Governor Gina M. Raimondo today signed legislation (S 2734 and H 7803) at East Providence-based Goldsmith Manor establishing an Individual Provider model (IP) for home care in Rhode Island. The model will give seniors and people with disabilities another option to be cared for at home where they can continue to reside in their communities with families.
Under the IP model, which has been in place in Massachusetts since 2008, consumers would still be the direct employer who determines when to hire or fire an employee, but the state would take on responsibilities for maintaining a registry of qualified caregivers, and would set parameters such as rates, qualifications and hours.
Choosing the Right Independent Provider
“Rhode Islanders should be empowered to choose what model of care is right for them,” Raimondo said in a statement. “For a lot of people that might mean choosing an individual provider they know and trust. This bill ensures that kind of individual care that helps people lives more independent lives can be provided in a structured, consumer-friendly and transparent way.”
The bill allows the individual provider workforce to collectively bargain. The state will train, certify, set wages and qualification standards for the workforce.
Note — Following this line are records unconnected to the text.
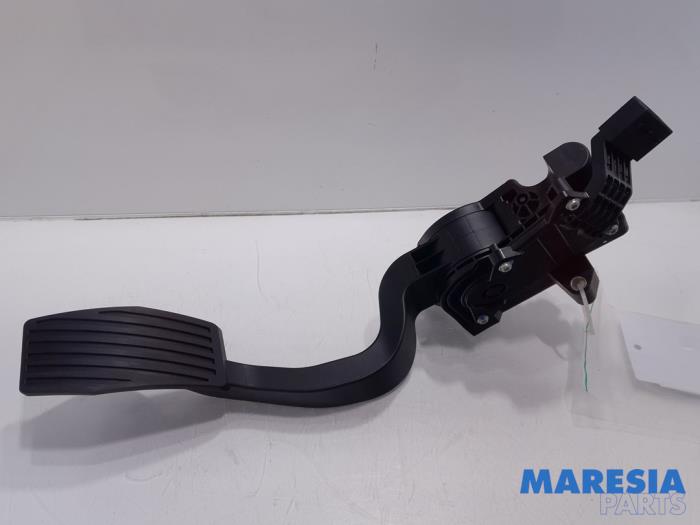 Begagnade Gaspedalsensor Fiat Doblo Cargo (263) 1.3 MJ 16V Euro 4 Pris € 48,40 Inklusive moms erbjuds av Maresia Parts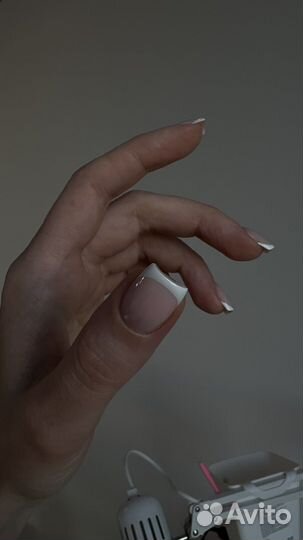 Маникюр педикюр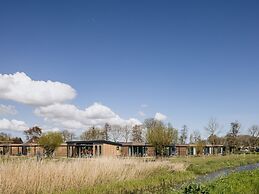 Luxurious Lodge With two Bathrooms, Markermeer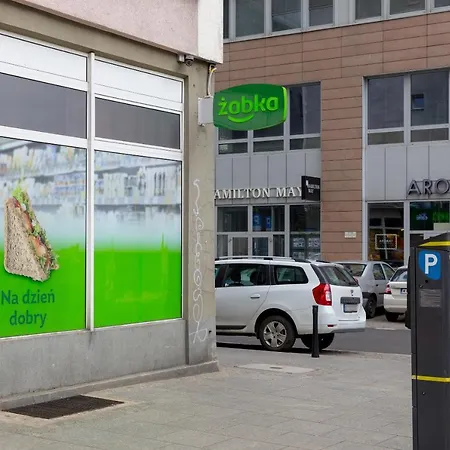 Rondo Onz Sunny By Bookinghost * Warszawa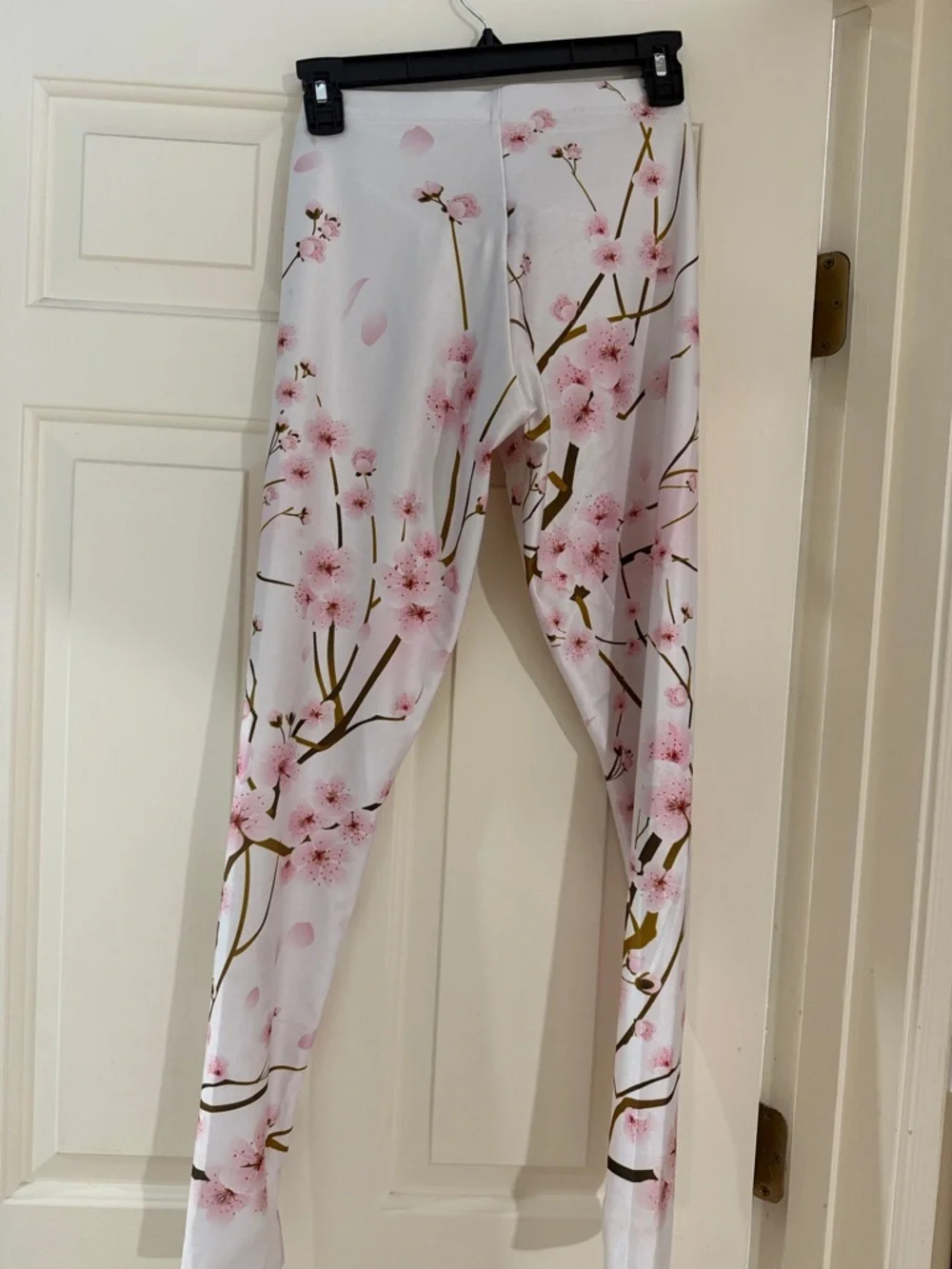 BlackMilk White Cherry Blossom Leggings - Picture 4 of 4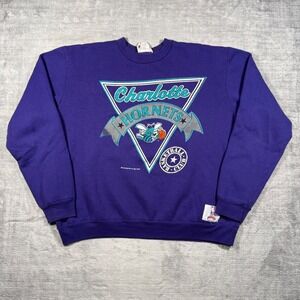 Charlotte Hornets Sweatshirt Mens Medium Purple Vintage 1988 Nutmeg NBA Crewneck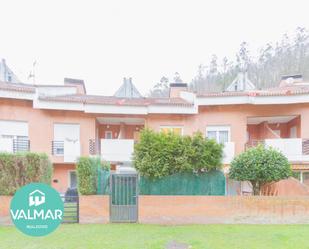 Vista exterior de Casa adosada en venda en Morcín amb Aire condicionat, Calefacció i Jardí privat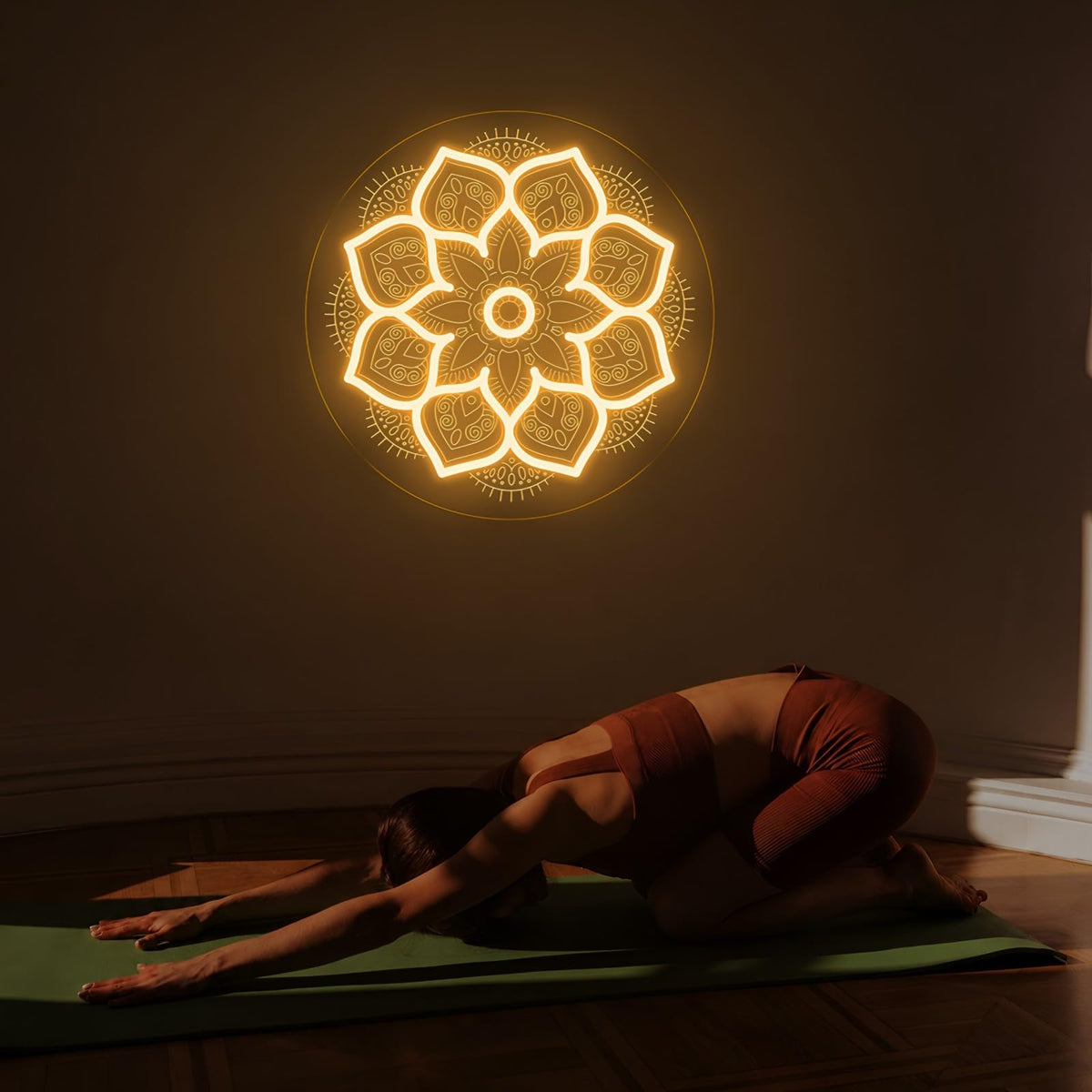 Sacred Geometry Mandala Neon Sign (Mandala-Gold)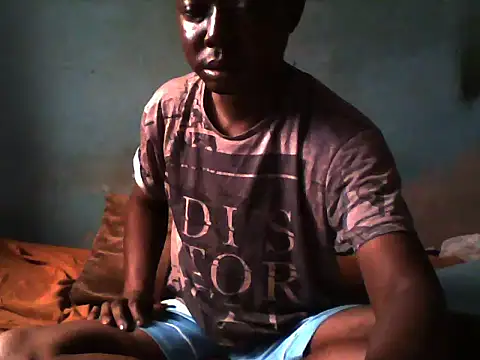 Snapshot of little__joy chatting on 12.19.25 little joy online show from 12.19.25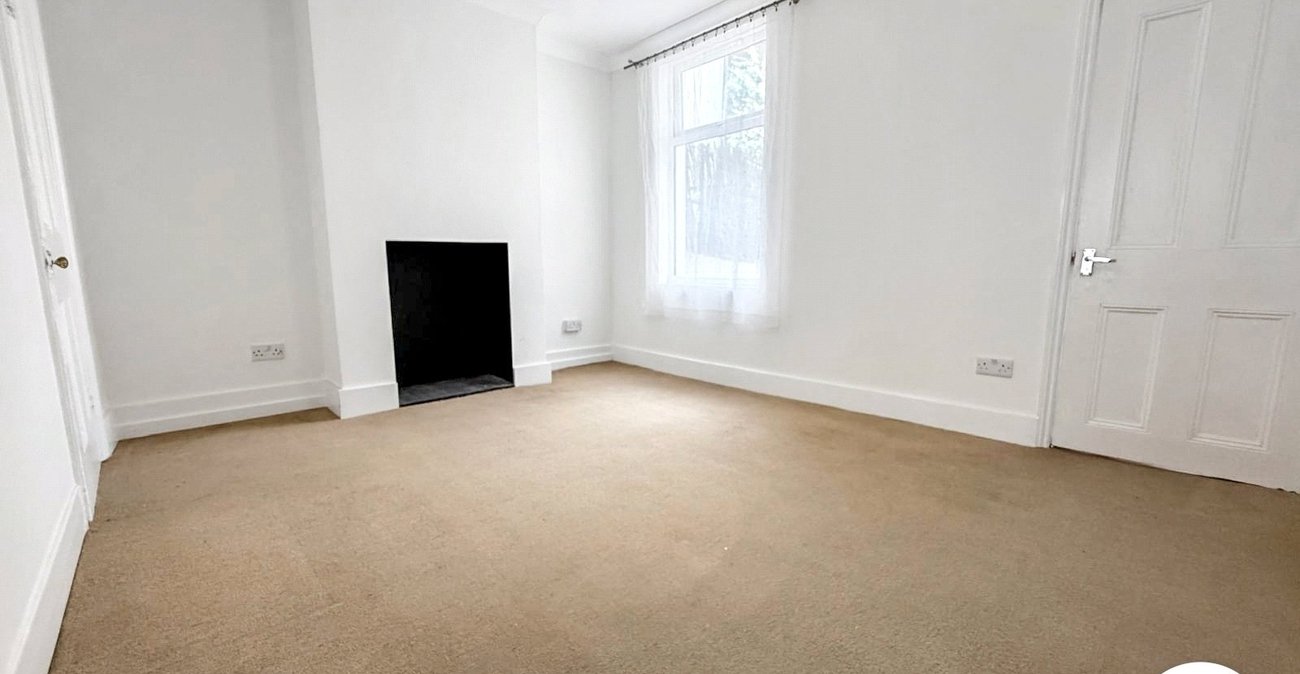 2 bedroom house to rent in Chatham | Robinson Michael & Jackson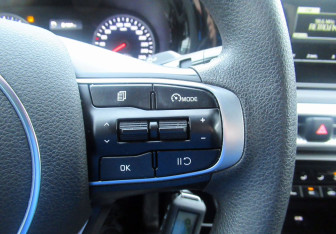 Подержанный автомобиль Kia K5 2020 года (19 фото)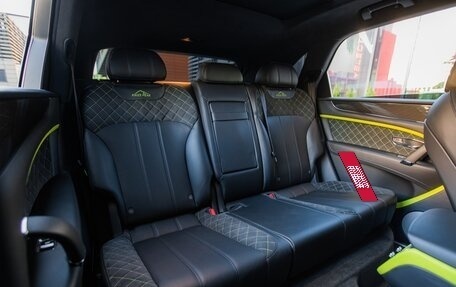 Bentley Bentayga I, 2019 год, 19 900 000 рублей, 22 фотография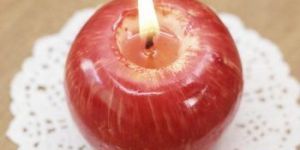 Red Apple Scented Candle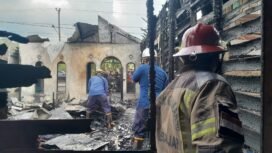 Petugas DPKP Kabupaten Banjar melakukan pemadaman saat kebakaran di Kecamatan Simpang Empat,Rabu(11/1/2023)(foto:DPKP Kab Banjar)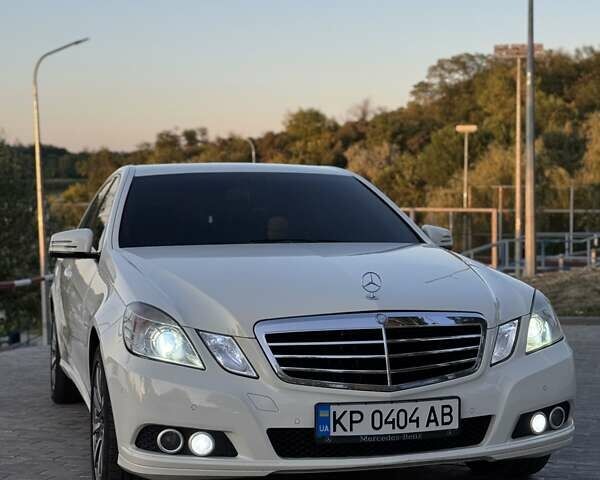 Мерседес Е-Клас 2010 у Запоріжжя на Automoto.ua Білий Мерседес Е-Клас, об'ємом двигуна 2.2 л та пробігом 254 тис. км за 13200 $, фото 2 на Automoto.ua
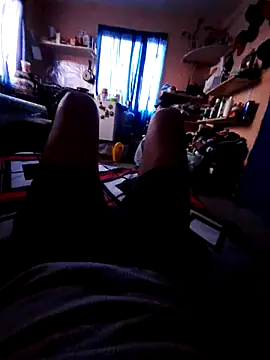 Snapshot of sanz957 chatting on November 10, 12:31 am sanz957 online show from November 10, 12:31 am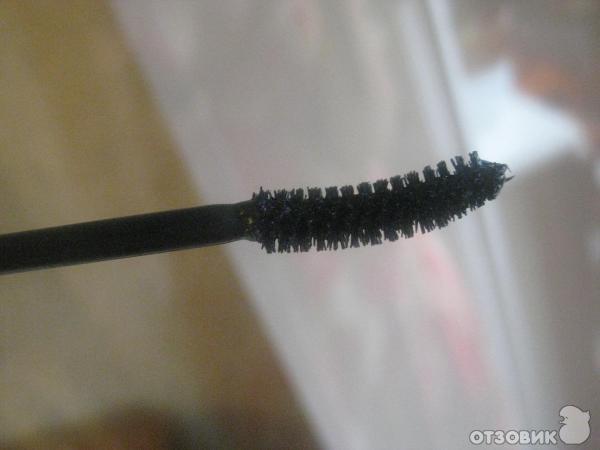 Тушь Maybelline Volume Express Corved Brush фото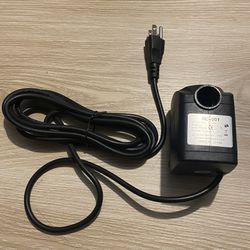 Submersible water pump for fish tanks, Suction cup mounted, Model# RC-001, NEW !!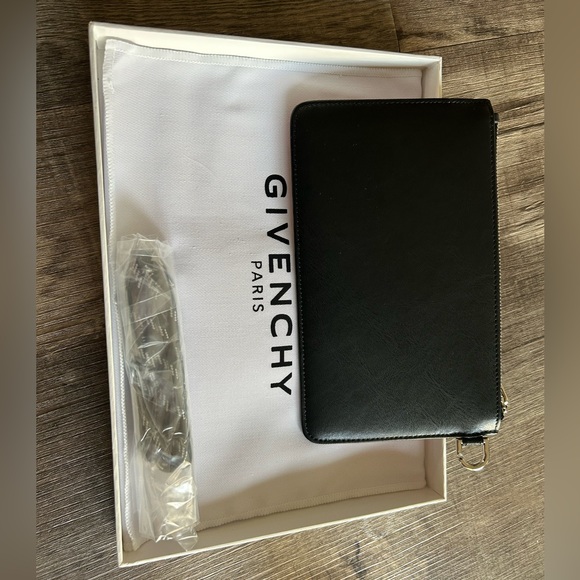 Givenchy envelope card purse - Picture 2 of 5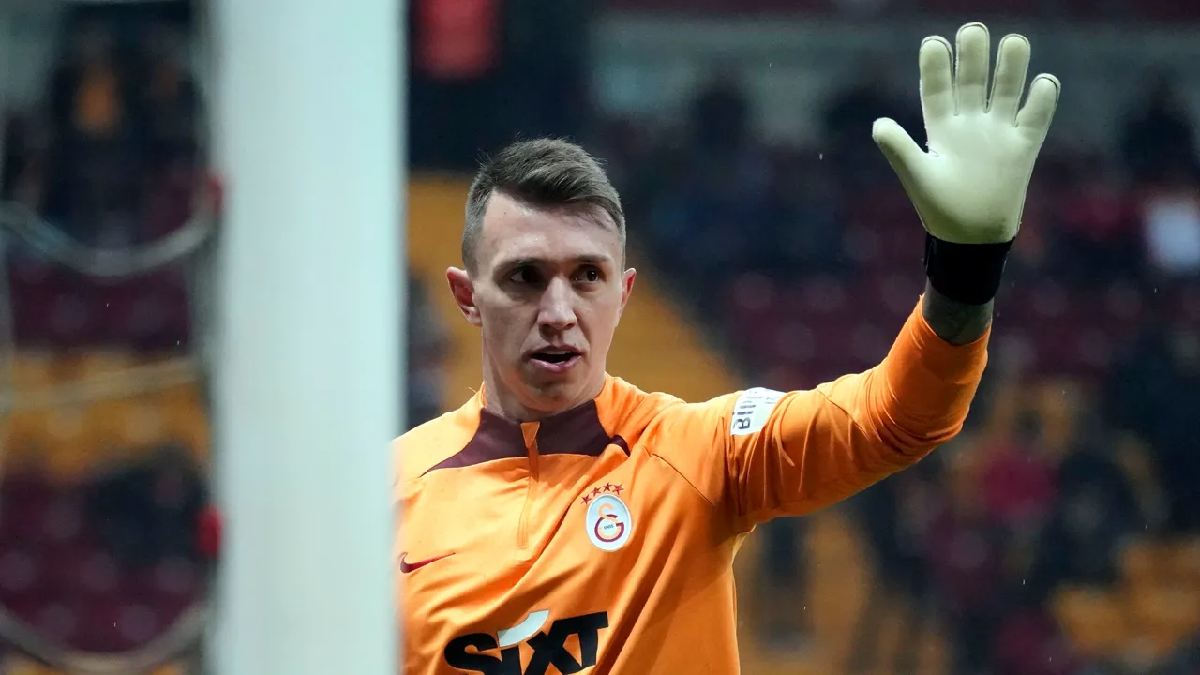 Galatasaray'dan transfer bombası! Muslera gidiyor o geliyor: Hem kaleye hem de forvete çifte transfer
The state will also maintain a list of certified individual providers from which individuals and their families can choose.
“I enjoy caring for my clients and ensuring they can get good consistent care,” said Cindy Dennis, an East Providence home care worker for four years and mother of four, who spoke at the bill signing. “But at times, the clients do not get the quality of care they deserve due to the high turnover and low pay of our field. This bill will give clients another choice for how they receive home care, and help give workers like me a living wage and a voice that is heard.”
“Presently, Rhode Island ranks 42nd in the nation in terms of investment in home care. Ninety percent of older Americans prefer home care. Not only is it more comfortable for seniors, it’s more cost-effective, as we’ve seen in states like Massachusetts. High-quality home care is what people want, and it saves money. I’m proud to support this effort to help make excellent home care available to more Rhode Islanders,” said Senator Mary Ellen Goodwin (D-Dist. 1, Providence).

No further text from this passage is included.